China's support of Palestinian armed struggle was not echoed by other countries despite many of them displaying critical opinions of Israel's occupation since hearings started on Monday.

The highly political hearings are scheduled to continue until February 26 due to the record number of countries – over 50 – that have asked to give an oral statement.

The court will then issue a non-binding advisory opinion which is expected to take up to six months.

Ireland, which was represented by Attorney General Rossa Fanning, said Israel had committed “serious breaches” of international law during its five decade-long occupation of Palestinian territories.

In addition to encouraging settlers to move illegally to occupied territories, Israel has applied domestic law in illegal settlements and transferred administration in certain areas from military to civilian control.

In its continuing war on Gaza, which has killed more than 29,400 Palestinians, Israel has “exceeded” its right to the use of force in self-defence following Hamas-led attacks on Israel on October 7, said Mr Fanning.

“This is manifest from the spiralling death toll, the extensive destruction of property including homes throughout Gaza, the displacement of up to two million people and the ensuing humanitarian catastrophe,” he said.

Around 1,200 people died during the Hamas attacks. The group also took back to Gaza about 240 hostages, of whom 100 were released and 30 are believed to have died.

The war in Gaza is unrelated to the current ICJ hearings, which are linked to a request made in 2022 by the UN General Assembly.

But most countries have referred to the conflict during their intervention as an important backdrop to discuss the occupation of Palestinian territories, which include Gaza.

Jordan and Iraq harshly condemned Israel's actions.

“Palestinians are being killed in the hundreds every day in Gaza and in the West Bank because Israel is not being held accountable of its war crimes and violations of international law,” said Jordan's Foreign Affairs Minister Ayman Safadi.

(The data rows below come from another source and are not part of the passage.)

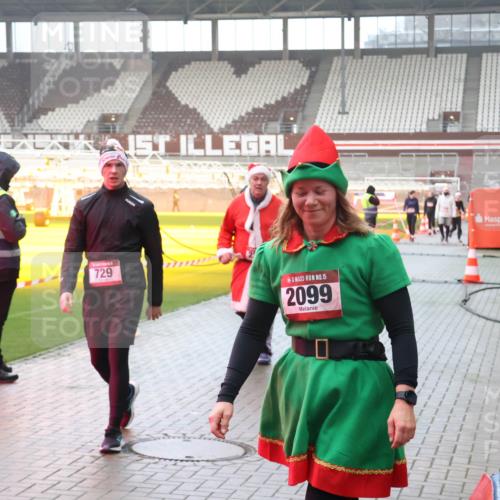 07.12.2025 - St. Pauli X-Mass-Run No. 15 Luisa Fischer http://msf.ph/oto/9386239 07.12.2025 11:39:40 Ziel 729, 15, 2099, 453, 729, 1737, 2010, 2011, 2057, 2225, 2226, 2602, 2978, 3357, 3593 meine-sportfotos.de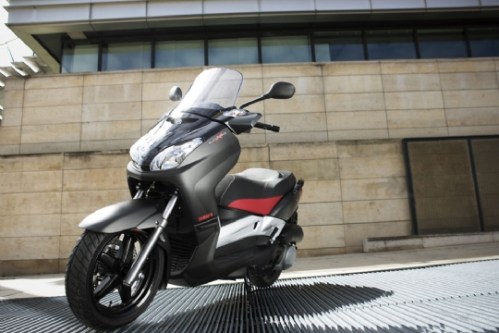 2009-x-max-250-se-static-01_prv_tcm30-280567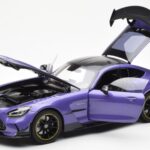 Mercedes AMG GT Black Series Violetinis Asia Exclusive Norev 1:18 - image 2 of 8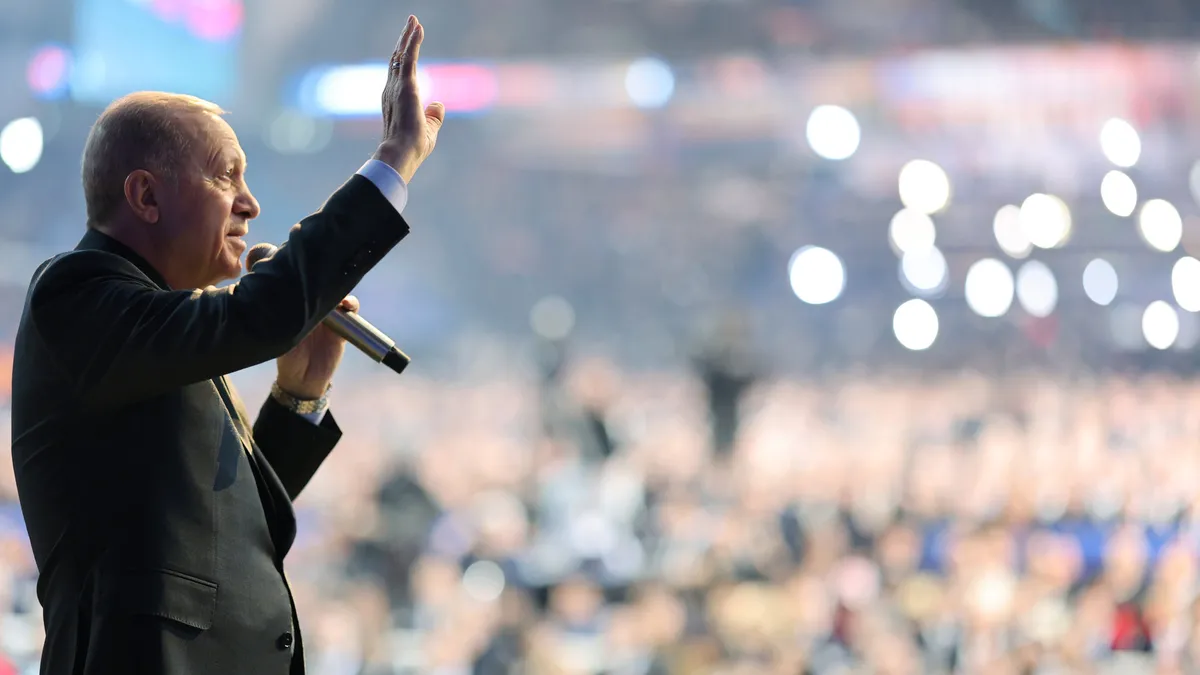 AK Parti 8. Olağan Büyük Kongresi: Yeni MKYK listesi belli oldu!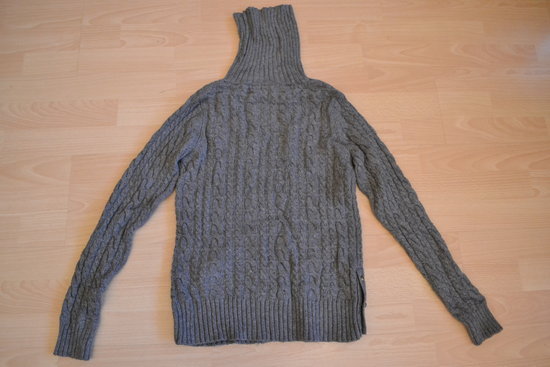 šiltas pilkas megztinis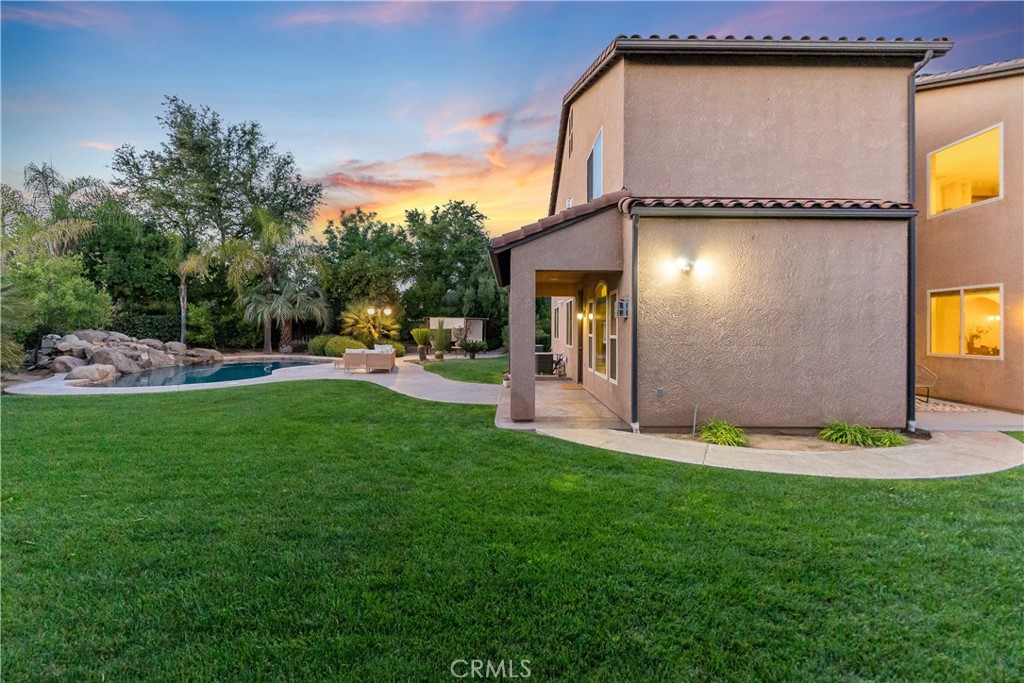 main property photo 50
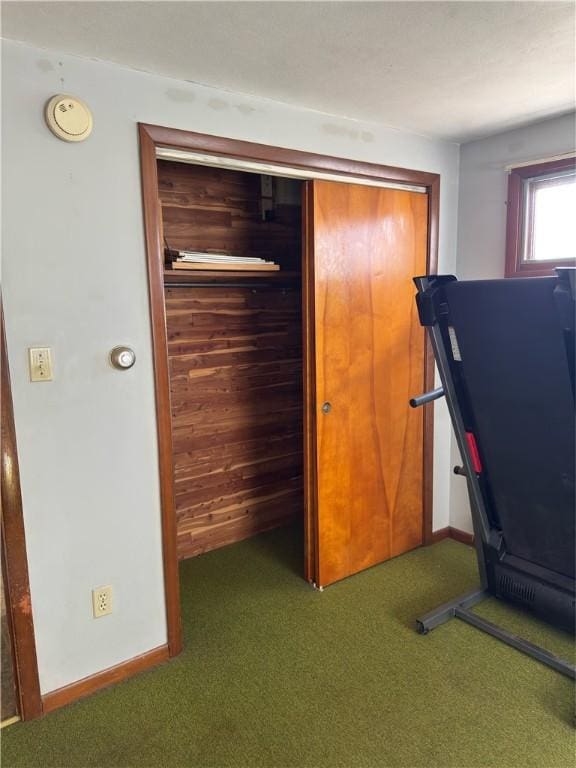 workout room with carpet flooring and baseboards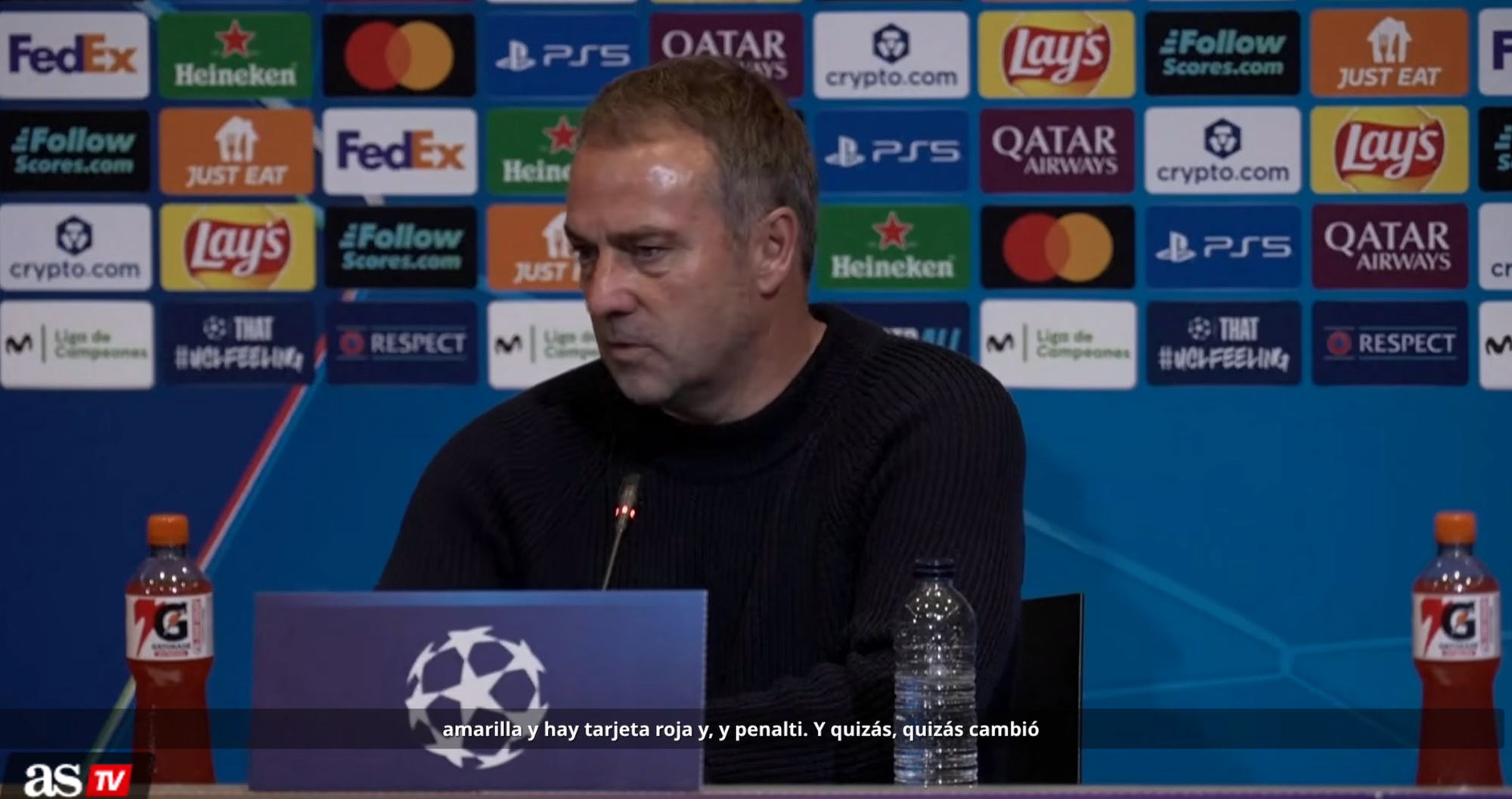 Barcelona thua đau, chuyên gia tranh cãi về quả phạt đền bị bỏ quên - Ảnh 1.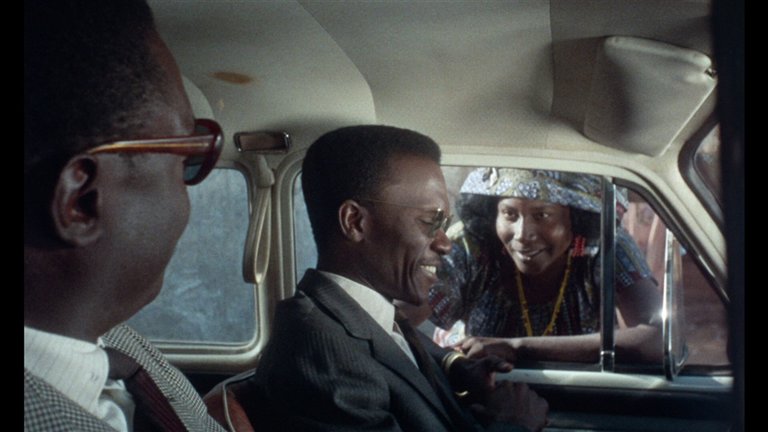 Screen capture from Mandabi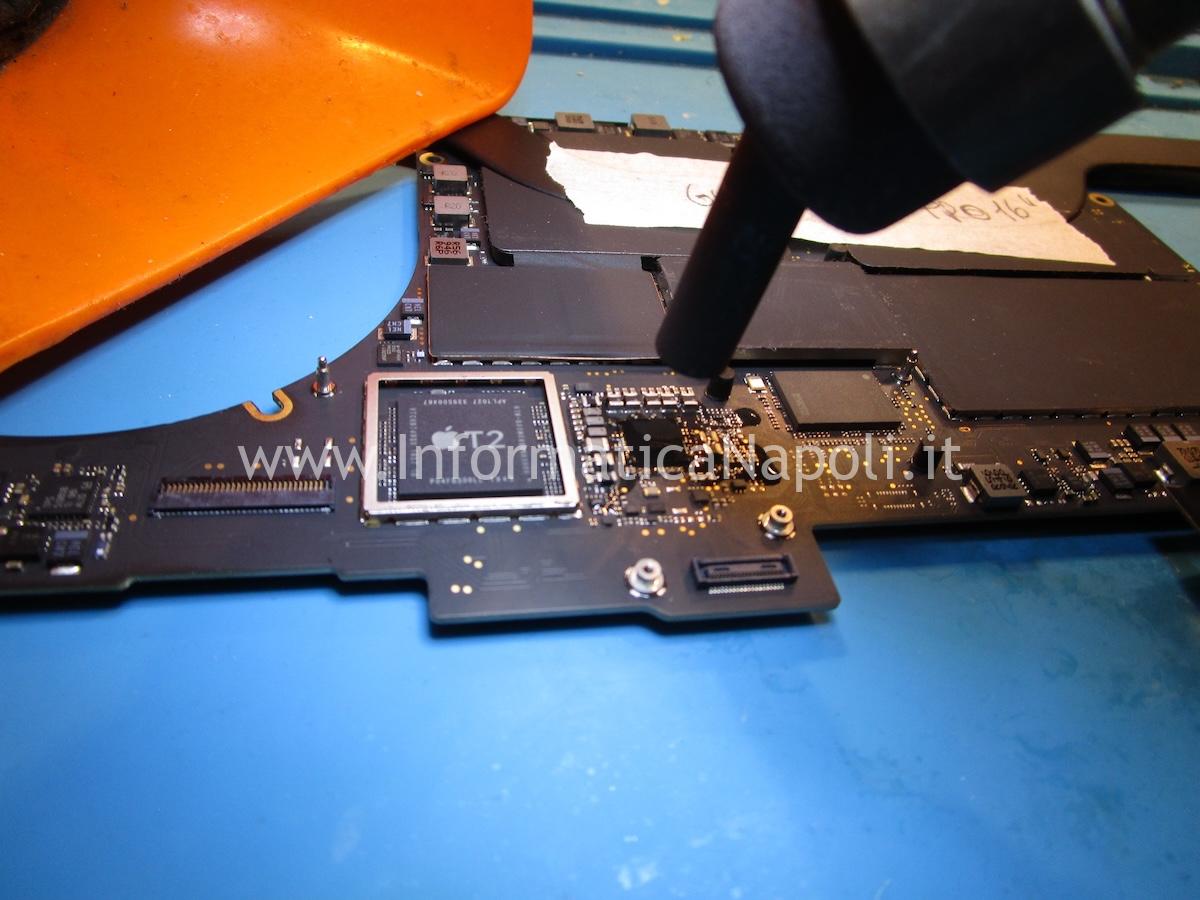 come riparare apple MacBook Pro 16 A2141 820-01700 che non si accende sostituzione U7800 chip PMIC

Mr Safadi called on the court to “rule that this brutality can be no more”. “The source of all evil must end,” he said.

Hayder Shiya Al Barrak, head of the legal department of the Foreign Affairs Ministry of Iraq, asked the court “to stop the systematic killing machine against the Palestinian people”.

Israel did not request to speak during the hearings – a position that Ireland “very much regrets”, said Mr Fanning. It has submitted a written statement which has not been made public.

But Israel's strongest ally, the US, insisted during its intervention on Israel's right to self-defence.

“We were all reminded of those security needs on October 7 and they persist. Regrettably those needs have been ignored by many of the participants,” said Richard Visek, acting legal adviser for the US Department of State, on Wednesday.

For China, the right of an occupying power to self-defence hinges on the legitimacy of its occupation.

However, “this does not rule out the possibility for the occupying power … as a last resort to take necessary law enforcement measures against individuals or entities in the occupied territories,” said Mr Ma. “These acts must stay within the limits cited by international law.”

Mr Fanning reiterated Ireland’s belief that all countries should refrain from supporting Israel’s occupation. This includes a call for the EU, to which Ireland belongs, to review its trade agreement with Israel due to suspicions of human rights breaches.

In a letter to the European Commission sent on February 14, Ireland's Prime Minister Leo Varadkar and his Spanish counterpart Pedro Sanchez asked that the EU review the trade agreement.

But such a decision would have to be taken unanimously by the bloc's 27 member states – a move that remains highly unlikely due to deep divisions over the Middle Eastern conflict.